The forward slashes are not special in either PHP nor RegEx, and thus do not need to be escaped, and the ID could be a different length.
Here is the subject:
http://www.mysite.com/files/get/937IPiztQG/the-blah-blah-text-i-dont-need.mov
What I need using regex is only the bit before the last / (including that last / too)
The 937IPiztQG string may change; it will contain a-z A-Z 0-9 - _
Here's what I tried:
$code = strstr($url, '/http:\/\/www\.mysite\.com\/files\/get\/([A-Za-z0-9]+)./');
EDIT: I need to use regex because I don't actually know the URL. I have string like this...
a song
more text
oh and here goes some more blah blah
I need it to read that string and cut off filename part of the URLs.

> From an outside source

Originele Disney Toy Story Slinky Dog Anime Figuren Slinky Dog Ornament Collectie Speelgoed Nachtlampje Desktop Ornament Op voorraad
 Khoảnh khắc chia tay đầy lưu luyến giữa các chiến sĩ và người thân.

You really don't need a regexp here. Here is a simple solution:
echo basename(dirname('http://www.mysite.com/files/get/937IPiztQG/the-blah-blah-text-i-dont-need.mov'));
// echoes "937IPiztQG"
Also, I'd like to quote Jamie Zawinski:
"Some people, when confronted with a problem, think 'I know, I'll use regular expressions.' Now they have two problems."
This seems far too simple to use regex. Use something similar to strrpos to look for the last occurrence of the '/' character, and then use substr to trim the string.
/http:\/\/www.mysite.com\/files\/get\/([^/]+)\/
How about something like this? Which should capture anything that's not a /, 1 or more times before a /.
The greediness of regexp will assure this works fine ^.*/
The strstr() function does not use a regular expression for any of its arguments it's the wrong function for regex replacement.
Are you thinking of preg_replace()?
But a function like basename() would be more appropriate.
Try this
$ok=preg_match('#mysite\.com/files/get/([^/]*)#i',$url,$m);
if($ok) $code=$m[1];
Then give a good read to these pages
http://www.php.net/preg_match
preg_replace
Note
the use of "#" as a delimiter to avoid getting trapped into escaping too many "/"
the "i" flag making match insensitive
(allowing more liberal spellings of the MySite.com domain name)
the $m array of captured results